John Pyel (born c. 1310 – 1382) was a London merchant who was elected Mayor of London in 1372.

Biography

He was born circa 1310 in Irthlingborough, Northamptonshire and inherited land there from his father, which he added to during his lifetime.  In 1353 he purchased the manor of Irthlingborough from Sir Simon de Drayton. His brother Henry became Archdeacon of Northampton.

He became a merchant in London, served from 1369 as an Alderman of Castle Baynard ward, was Sheriff of London in 1369 and elected Mayor of London in 1372. He was elected Member of Parliament for the City of London in 1361 and 1376 as one of the two aldermanic representatives of the city.

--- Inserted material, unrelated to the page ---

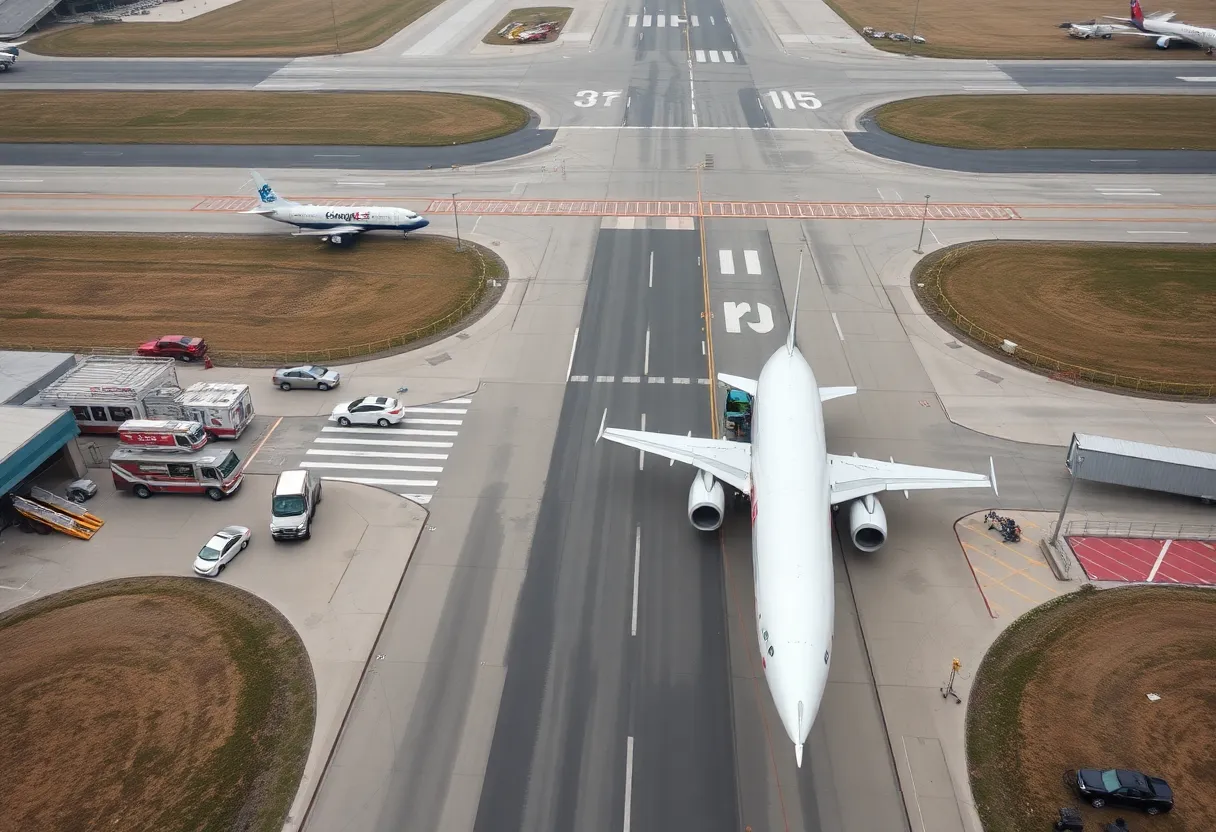 Emergency response vehicles at the scene of the plane crash at University-Oxford Airport.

In 1375 he obtained a royal licence to found the college of St. Peter, Irthlingborough, a college for six secular canons — one of whom should be dean — and four clerks, but died before his intention was actually carried out. The design, involving the development of the local parish church into a chantry college, was eventually accomplished with the help of the Archdeacon of London by his widow, Joan, in 1388.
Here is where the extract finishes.